Procter & Gamble (PG -0.78%) has an incredible dividend track record, with a huge string of 67 consecutive annual dividend increases under its belt. It has deftly navigated difficult operating environments before. And so far, it has done an excellent job in the face of high inflation this time around.

But fiscal 2024 second-quarter results hint that the consumer staples icon could be facing a tougher future.

Procter & Gamble is executing well

In fiscal 2023, P&G's organic sales were rock-solid even in the face of fast-rising costs, thanks to a spike in inflation. To put some numbers on that, in the first quarter of that year, organic sales rose 7%; in the second quarter, 5%; the third quarter, 7%, and the year ended with 8% growth in the fourth quarter. That was followed by 7% growth in the first quarter of fiscal 2024. Pricing has been a big driver of growth, as P&G passes on rising costs to consumers.

A person cleaning a counter in a home kitchen.

Image source: Getty Images.

That said, in the first quarter of fiscal 2024, volume fell 1%, meaning that price increases were the only reason for the increase in organic growth. With fiscal second-quarter earnings now out, the trend has subtly shifted. Organic sales were up just 4% with volume down 1%.

Again, price was the main driver of organic sales growth, but it was the lowest growth in a year and a half. That's not a great sign and suggests that consumers could be starting to push back against rising prices.

If you own P&G or are looking at it, here are three things you need to watch in the quarters ahead.

1. Where does volume go from here?

The normal approach to rising inflation is for consumer staples companies like P&G to raise prices. Customers usually pull back, which shows up as lower volume. And then, as consumers get accustomed to the new prices, volume starts to increase again. Organic volume hasn't been that strong for around six months at this point. That's not a great sign for P&G.

As you examine the next few quarters of earnings results, you'll want to make sure that volume doesn't start to decline at a faster clip. Of note, volume fell 4% in the company's healthcare business in the fiscal second quarter. Management provided logical reasons for that drop, but it could also be the canary in the coal mine.

2. What happens to organic sales growth?

So far, price increases have allowed P&G to maintain an upward trajectory in organic sales growth. But if volume trends are weak, it might be forced to shift gears.

The big fear for investors should be a market-share battle with peers that leads to price cuts. This could result in a downward spiral for the entire consumer staples industry, which would take even strong brand owners like P&G along with it.
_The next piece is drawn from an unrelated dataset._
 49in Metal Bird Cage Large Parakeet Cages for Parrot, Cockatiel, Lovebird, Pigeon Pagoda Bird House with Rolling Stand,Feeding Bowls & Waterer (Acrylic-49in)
Organic sales growth slowed dramatically between the fiscal first and second quarters of 2024. If it keeps falling, P&G could be in for some rough sledding.

3. Can innovation save P&G?

One of the things that separates P&G from the pack is its focus on creating new and improved products. Basically, it isn't simply charging higher prices for the same thing. It is trying to earn the higher prices it is charging by offering product improvements and entirely new products.

This is what has long driven strong market-share performance. But things haven't been going so well with its market share of late.

In the fourth quarter of fiscal 2023, the company was able to increase market share in 38 of the 50 category/country combinations it tracks. That fell to 31 in the fiscal first quarter of 2024 and dropped again to 28 in the second quarter. If P&G's ability to distinguish its products from that pack continues to slip, it will get harder to continue growing organic sales.

Not the end of the world, but not good

Procter & Gamble is a well-run company, and even well-run companies go through hard times. So a slowdown in performance is hardly the worst thing that could happen.

But this doesn't change the fact that the operating environment appears to be getting more difficult. That, in turn, is likely to affect the company's performance and the stock price.

If you own this Dividend King, you should be looking past the headlines to watch the finer details, including volume, organic sales, and the company's ability to differentiate its products from the competition.

If you don't own it, you'll want to monitor the same things, with the notion that a performance shortfall could potentially open up a long-term buying opportunity.